* _What you should do_
Among the records that follow, set down only the lines from the one containing "Cute fantasy girly eyeshadow 27" to the one containing "AN218R2ADD ENERGY ABSORBER", both included, exactly.

* _Extracted information_
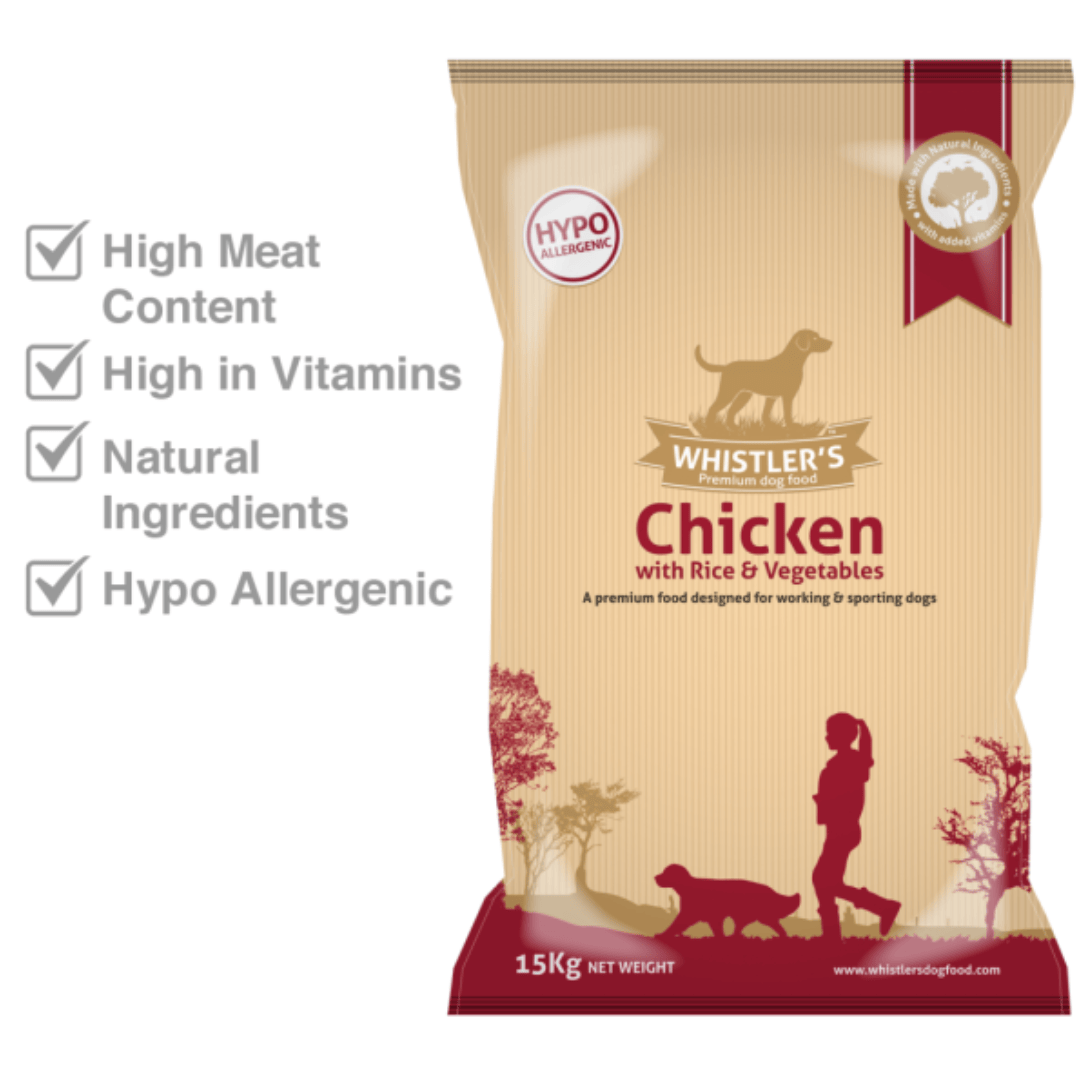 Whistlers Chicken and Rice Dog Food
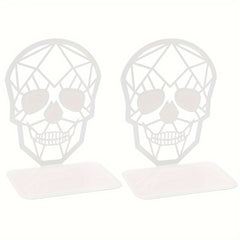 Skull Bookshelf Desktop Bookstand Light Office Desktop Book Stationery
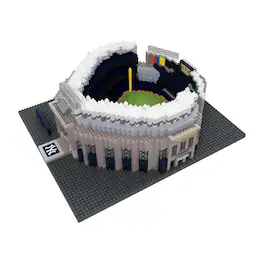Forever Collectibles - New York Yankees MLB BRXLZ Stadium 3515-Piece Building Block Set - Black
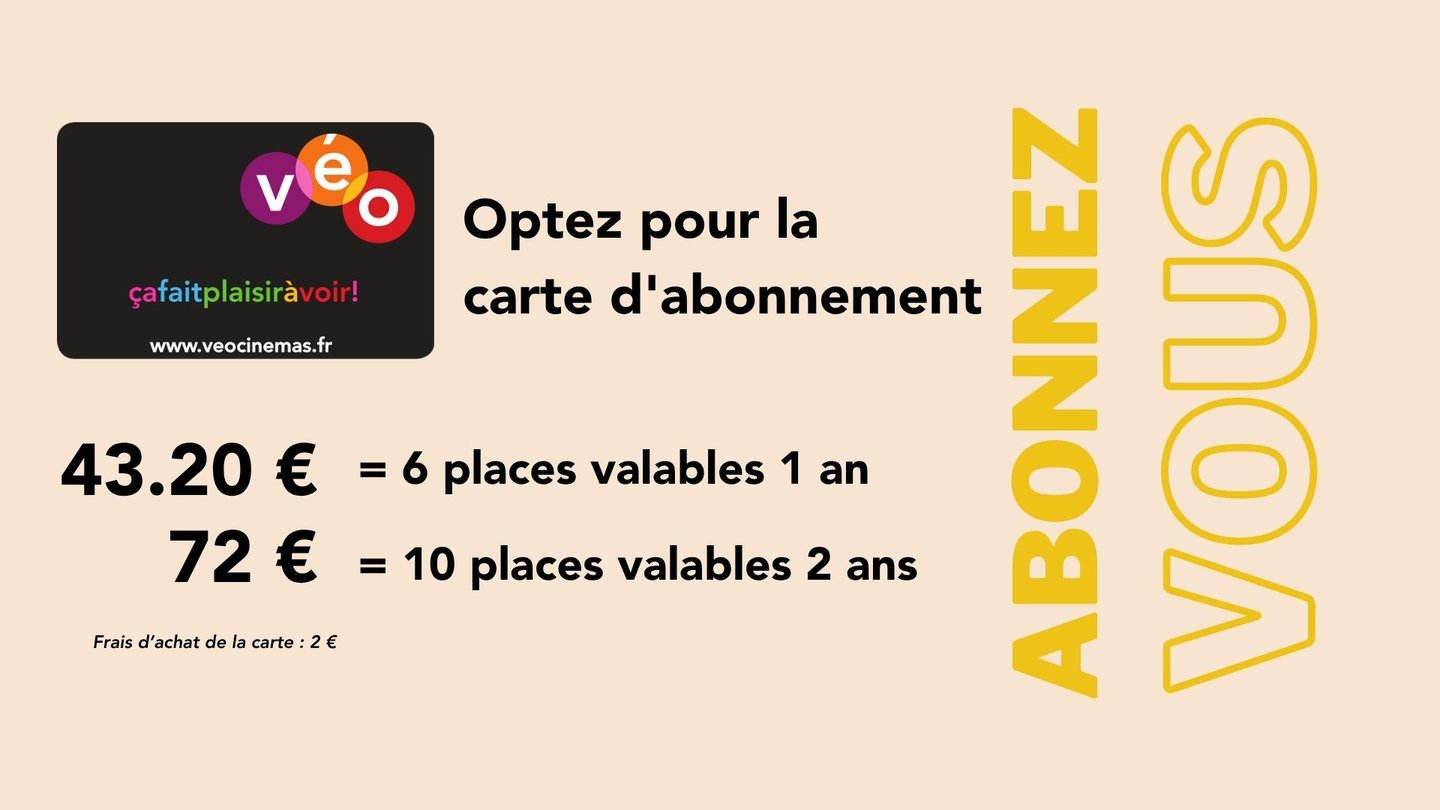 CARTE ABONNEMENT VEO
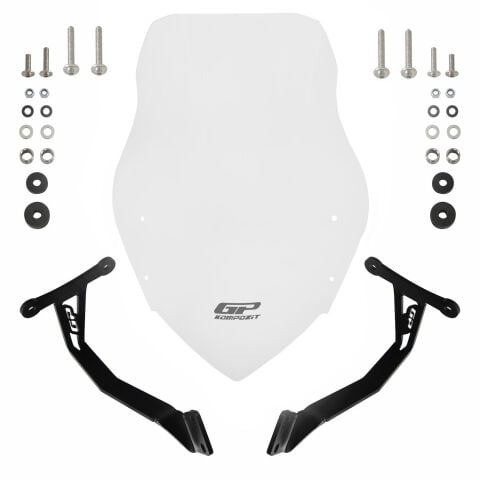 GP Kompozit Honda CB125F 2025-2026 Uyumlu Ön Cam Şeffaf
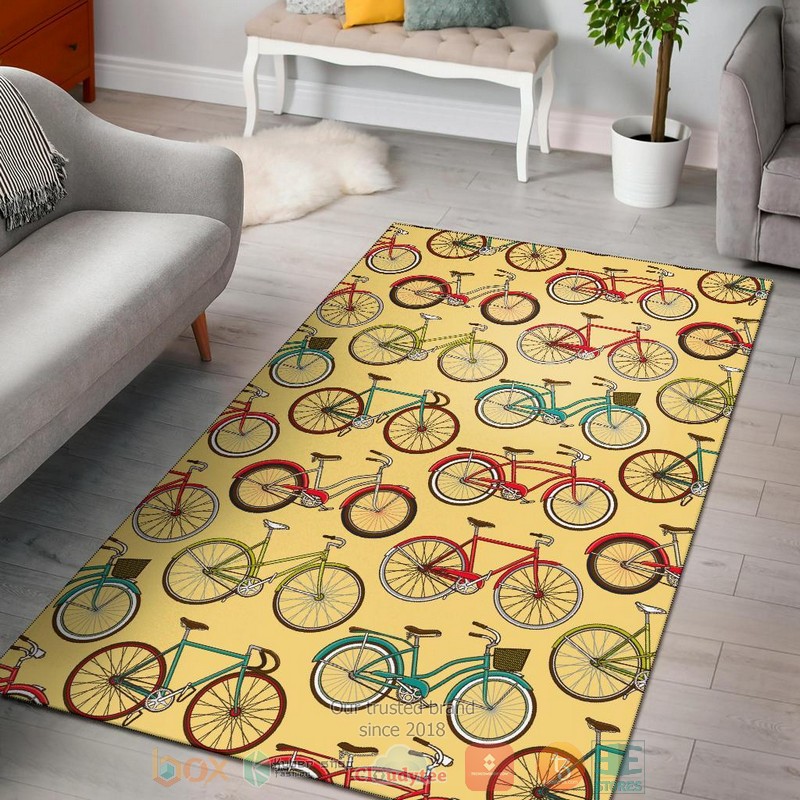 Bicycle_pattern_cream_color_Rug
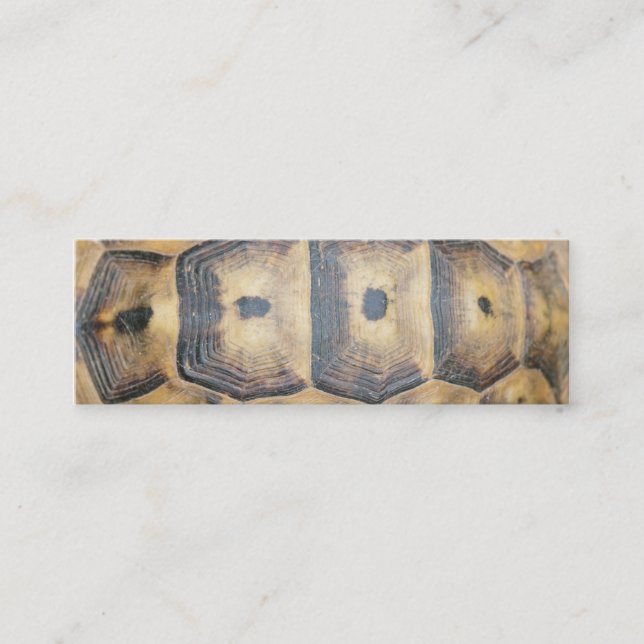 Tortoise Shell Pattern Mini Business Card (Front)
* * *
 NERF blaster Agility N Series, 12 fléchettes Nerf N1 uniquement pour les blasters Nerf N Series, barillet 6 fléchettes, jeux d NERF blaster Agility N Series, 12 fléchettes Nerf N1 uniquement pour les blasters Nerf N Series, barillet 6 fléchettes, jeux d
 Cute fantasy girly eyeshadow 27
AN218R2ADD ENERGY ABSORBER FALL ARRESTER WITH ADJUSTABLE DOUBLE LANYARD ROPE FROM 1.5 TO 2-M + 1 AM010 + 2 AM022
---
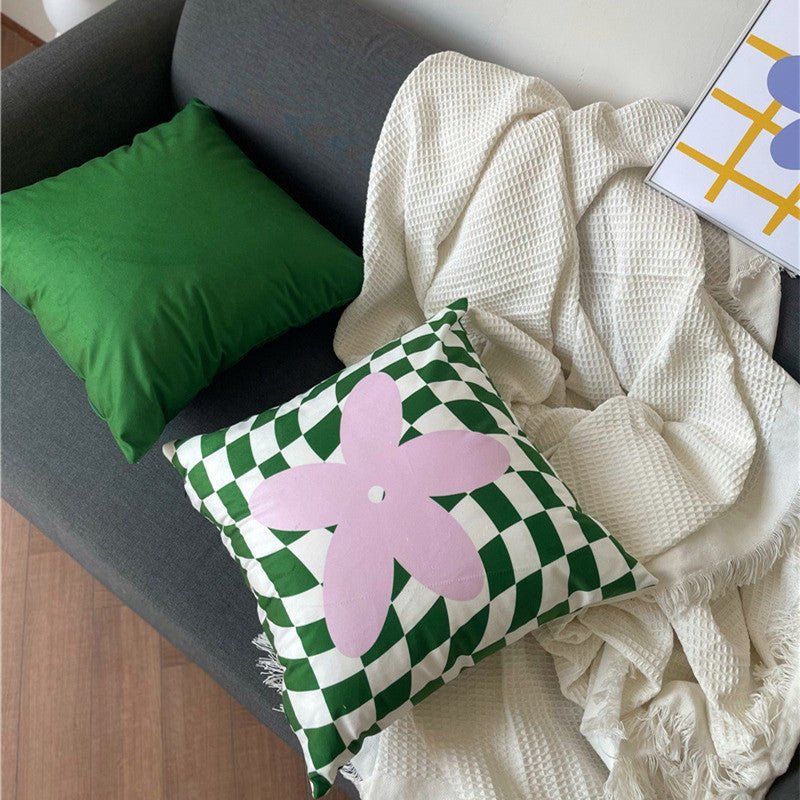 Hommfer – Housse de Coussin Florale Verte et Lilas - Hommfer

* _Response area_
 Cute fantasy girly eyeshadow 27
AN218R2ADD ENERGY ABSORBER FALL ARRESTER WITH ADJUSTABLE DOUBLE LANYARD ROPE FROM 1.5 TO 2-M + 1 AM010 + 2 AM022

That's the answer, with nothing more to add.